The job, which is part-time, was introduced by Post publisher Katharine Weymouth at the same time she announced the paper would no longer employ a full-time, independent ombudsman. (As for being pulled out of retirement, Fever half-jokingly told me that “my job is a half day job, which is probably a little bit more than I want.”)
Weymouth’s announcement was criticized by those who saw the Post abandoning an important aspect of accountability. Feaver said he’s aware of such concerns, but isn’t bothered by them. “My ego isn’t distressed by it,” he said.
But should the Post have an ombudsman as well as someone who just responds to readers?
“I’m going to duck that one if you don’t mind,” he said.
Feaver works with a full-time assistant who filters through voicemails and reader emails to find ones that relate to the Post’s journalism. He said it’s important to ensure readers get a response.

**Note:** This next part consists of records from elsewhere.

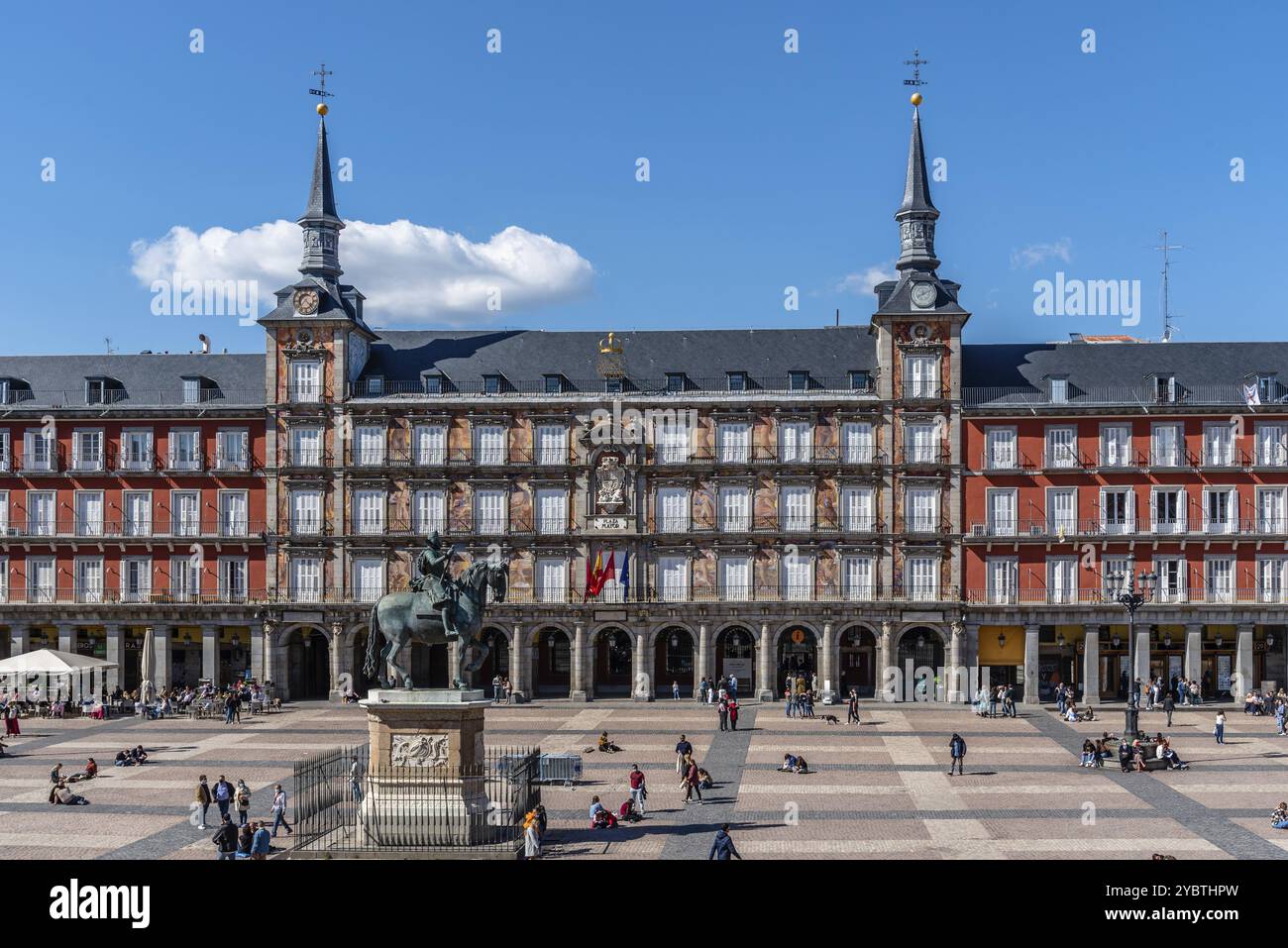Madrid, Espagne, 17 avril 2021 : panoramique de la Plaza Mayor à Madrid, Espagne. Voir pendant les restrictions pour la pandémie de coronavirus covid-19. Journée ensoleillée avec esprit Banque D'Images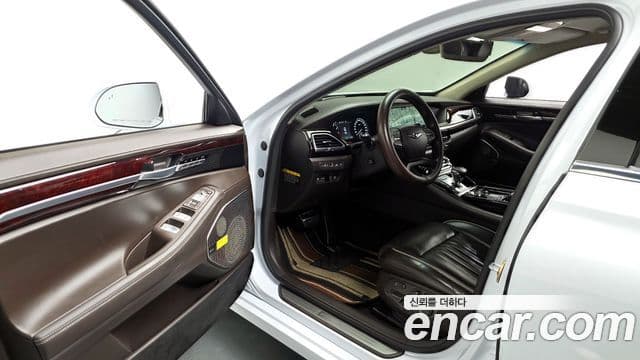 Genesis EQ900 Prestige, 2017 10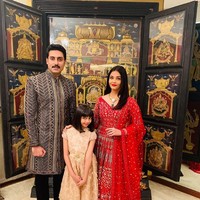 Kabar mengenai Aishwarya Rai dan putrinya Aaradhya Bachchan terinfeksi virus Corona ini disampaikan suami sang aktris Abhishek Bachchan. Abhishek memberikan update mengenai sang ayah sekaligus kabar menyedihkan mengenai istri dan anaknya tersebut. Foto: Dok. Instagram Aishwarya Rai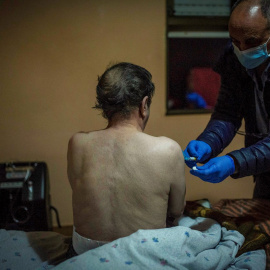 El enfermero José Ramón administra este jueves 11 de noviembre a un hombre la tercera dosis de la vacuna contra el coronavirus, en un domicilio de Avión (Ourense).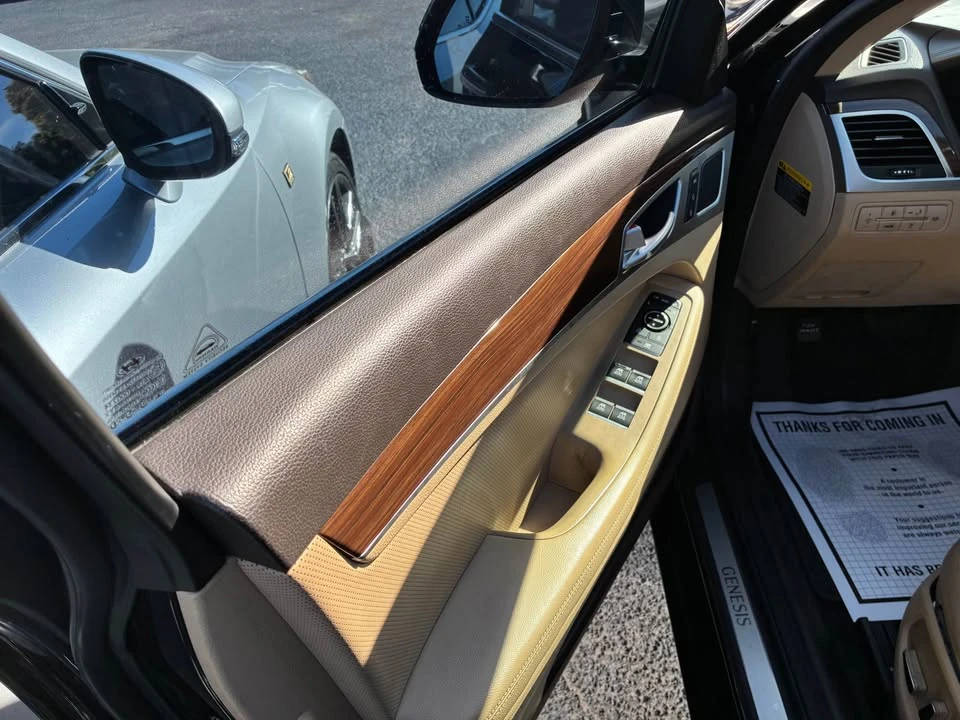 2016 Hyundai Genesis - Image 6 of 8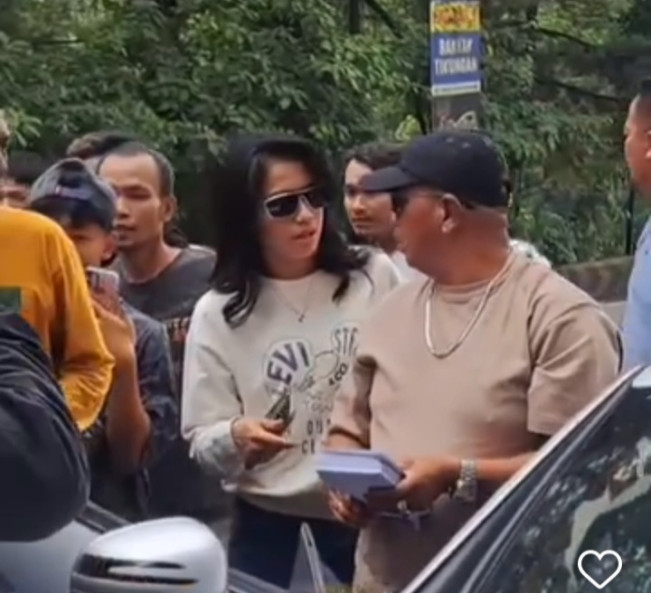 Viral, Crazy Rich Fadlul Efendi Bagikan THR ke Konten Kreator dan PKJR Sitinjau Lauik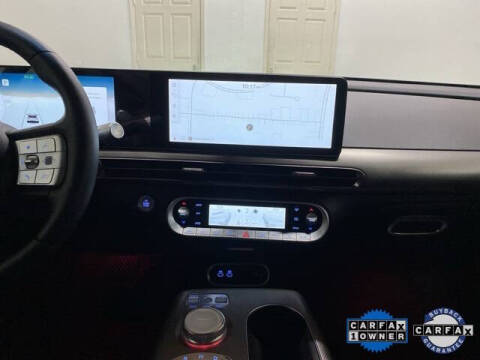 2024 Genesis GV60 Standard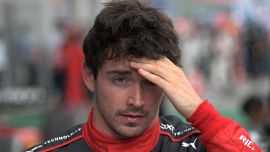 Ferrari, Leclerc va a muro e poi si siede a bordo pista: la foto diventa virale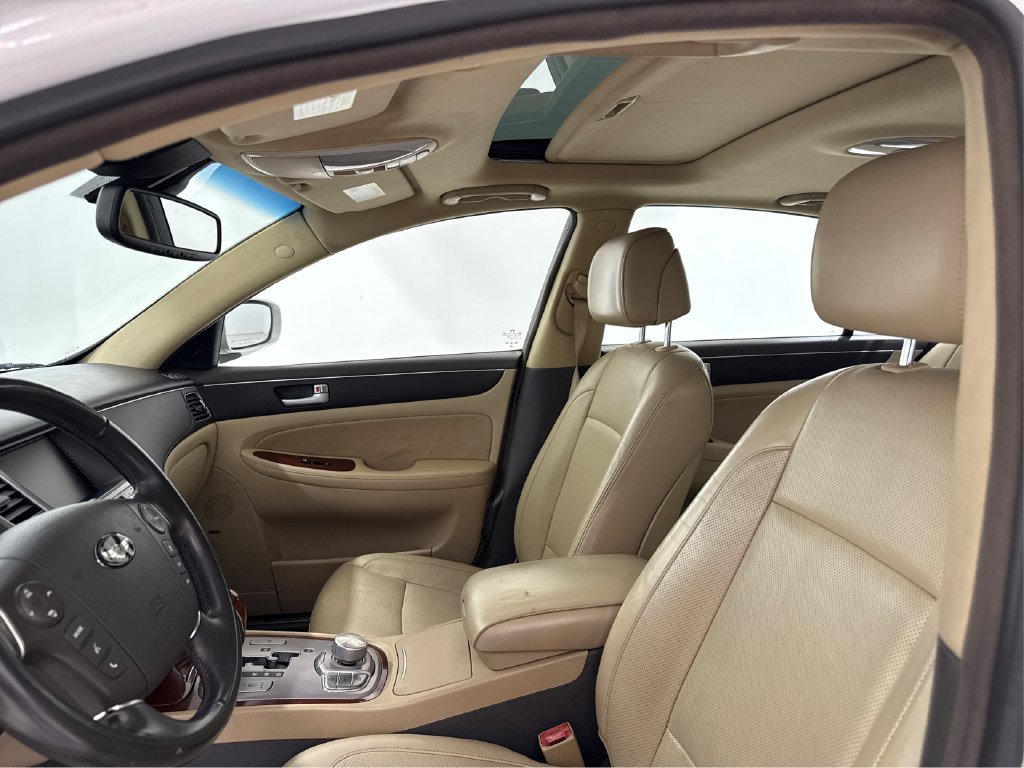 Used 2012 Hyundai Genesis 3.8 w/ Premium Pkg RWD image 29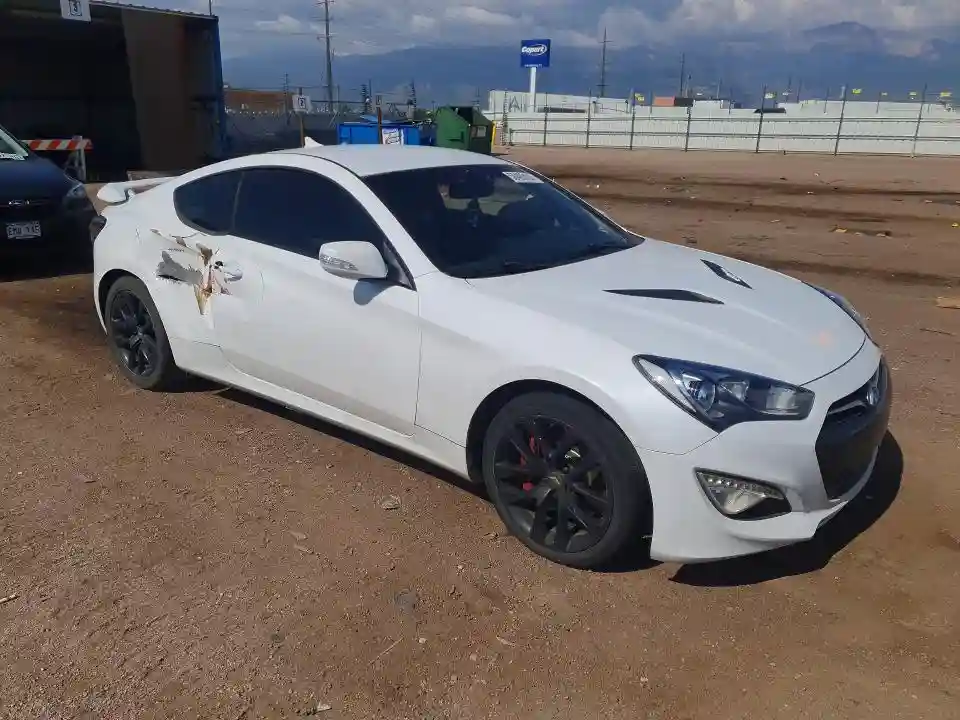 KMHHU6KJ9FU124894 2015 HYUNDAI GENESIS-3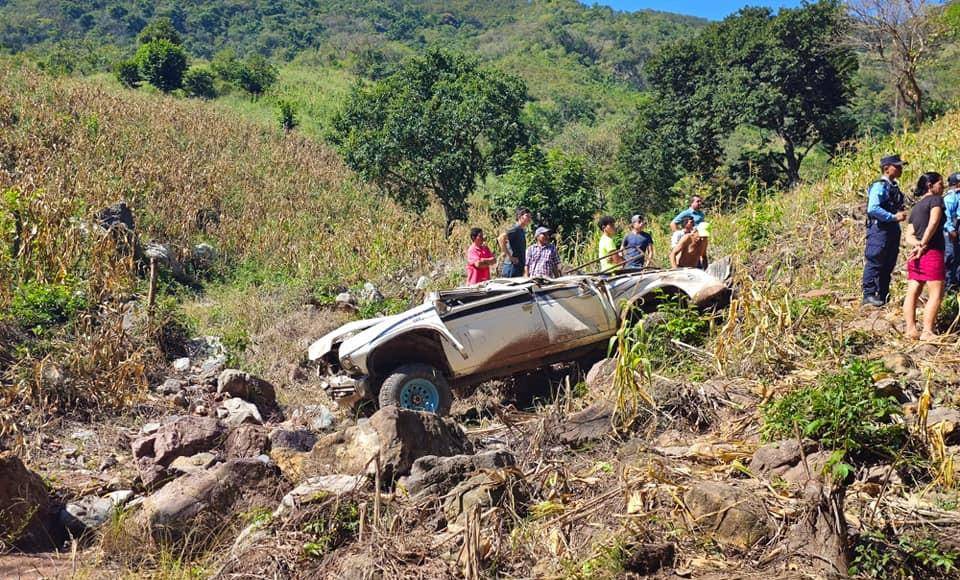 “Rodaron hasta el fondo”, las imágenes del fatal accidente en Arada, Santa Bárbara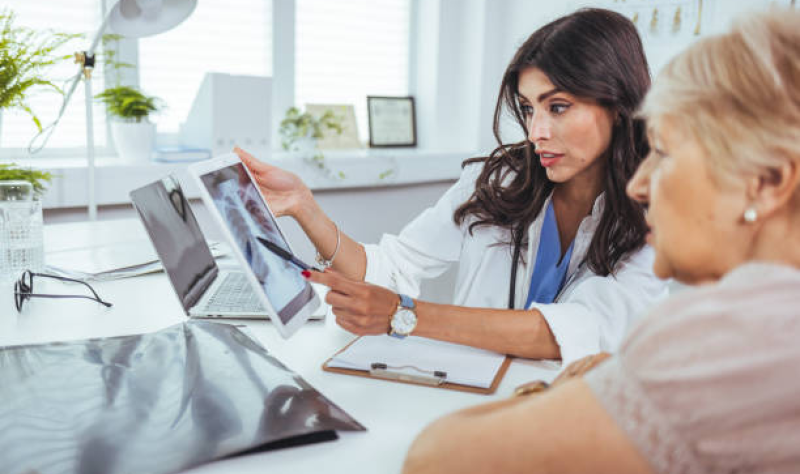 Featured image for mRNA COVID vaccines show promise in enhancing cancer treatment and survival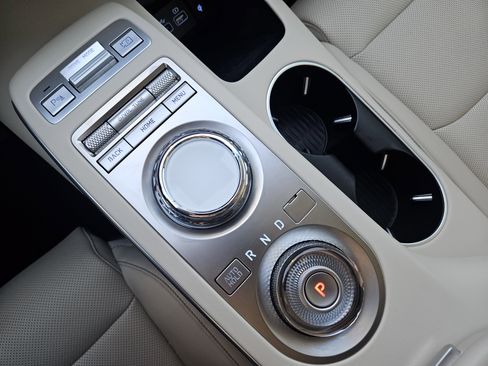 Used 2025 Genesis GV70 2.5T w/ Select Package image 18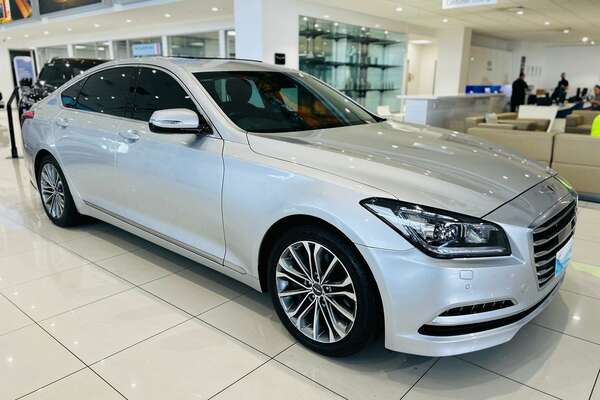 2016 Hyundai Genesis  DH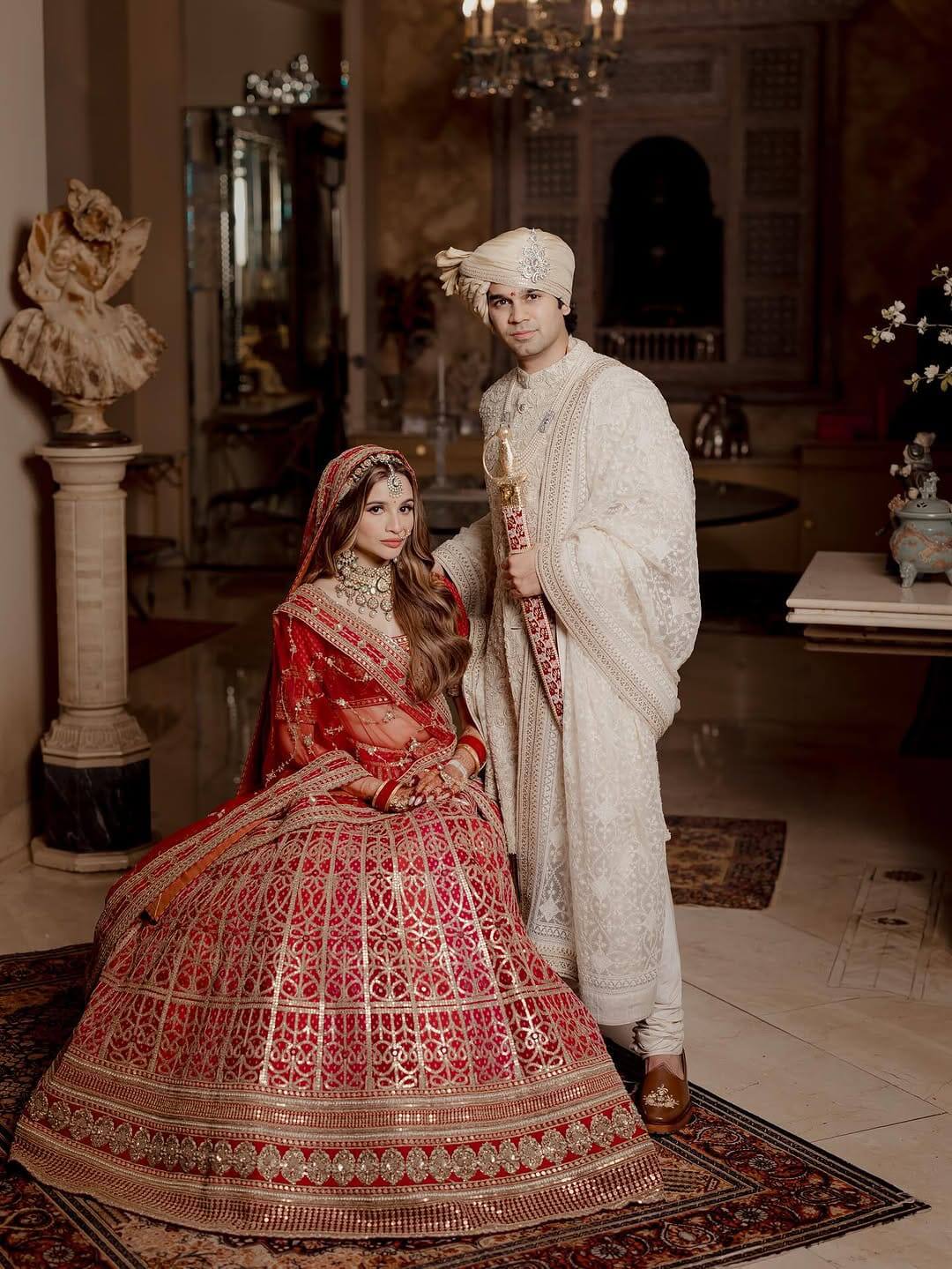 These dreamy wedding photos of Vedant Birla and Tejal Kulkarni are getting a lot of love from netizens. This royal style of the newly married couple is gaining a lot of headlines. His rich and royal style is clearly visible in these viral pictures.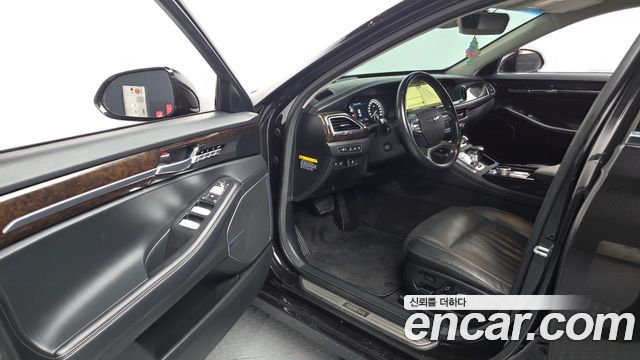 Genesis G90 2019 — photo 13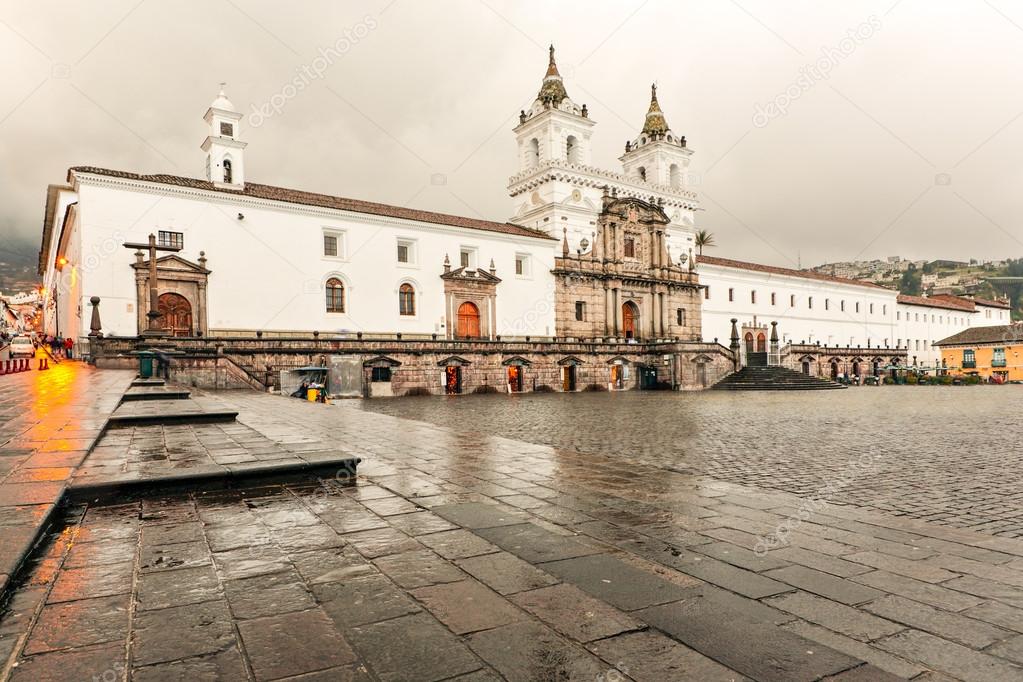 Iglesia quito fotos de stock, imágenes de Iglesia quito sin royalties | Depositphotos Iglesia quito fotos de stock, imágenes de Iglesia quito sin royalties | Depositphotos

“There is no question that we need to be talking with the people who look at our website or look at the printed newspaper — we need to communicate with these folks,” he said.
I asked if he sees himself as an internal advocate for readers, or if he’s there to simply offer factual responses to questions about the Post’s journalism.
“I guess I’m a bit of an advocate for readers because I also regard myself as the responder to all those different questions, an explainer of what journalism is about,” he said.
Now, about that first blog post. Feaver’s first entry was about a topic that at least one media critic deemed highly pedestrian: the disappearance of the print button from the Post’s article pages. Feaver said he took it up because “so many” readers asked about it: “I got a ton of phone calls and emails saying, ‘Where the hell is the print button?’ So I thought it was worth writing about.”
In short order, the button was back on the Post’s site. Feaver said the episode calls attention to one of his standard operating procedures: people in the newsroom will always get a heads up about what he’s looking into.
In the case of the print button, the Post design team knew Feaver had received complaints and was going to blog about them. (His second post curated reader response to a Post story Feaver deemed “terrific.”)
Feaver says he won’t hesitate to bring reader questions and concerns to the relevant people at the Post. So far, he said, “nothing has come up where it seemed to me that I needed to go and review with a reporter or an editor to find out what the hell went wrong here.” But, he added, “I certainly would have no problem doing that.”
Would he also be willing to suggest a change if he felt the paper could do better?
“You know, that’s very hard to answer,” he said, adding that “if things need to be recommended I will follow and feel free to do that, but I’m saying that as a generality. … I will be reluctant to say that, you know, there’s a problem there.”
Before ringing off to get back to the email queue, Feaver again said it’s too early to know exactly how things will play out.
“We’re really in the first five minutes,” he said.